** Dataset content **
☆ ☆ ☆ ☆ ☆ ☆ ☆

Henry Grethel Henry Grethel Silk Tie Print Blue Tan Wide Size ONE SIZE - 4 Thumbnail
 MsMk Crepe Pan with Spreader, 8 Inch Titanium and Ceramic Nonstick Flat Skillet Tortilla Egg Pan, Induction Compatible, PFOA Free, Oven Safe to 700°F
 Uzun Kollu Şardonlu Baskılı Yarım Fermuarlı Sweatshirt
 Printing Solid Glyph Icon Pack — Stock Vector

☆ ☆ ☆ ☆ ☆ ☆ ☆

** Exercise **
Copy out all of the lines above exactly.

** Output **
Henry Grethel Henry Grethel Silk Tie Print Blue Tan Wide Size ONE SIZE - 4 Thumbnail
 MsMk Crepe Pan with Spreader, 8 Inch Titanium and Ceramic Nonstick Flat Skillet Tortilla Egg Pan, Induction Compatible, PFOA Free, Oven Safe to 700°F
 Uzun Kollu Şardonlu Baskılı Yarım Fermuarlı Sweatshirt
 Printing Solid Glyph Icon Pack — Stock Vector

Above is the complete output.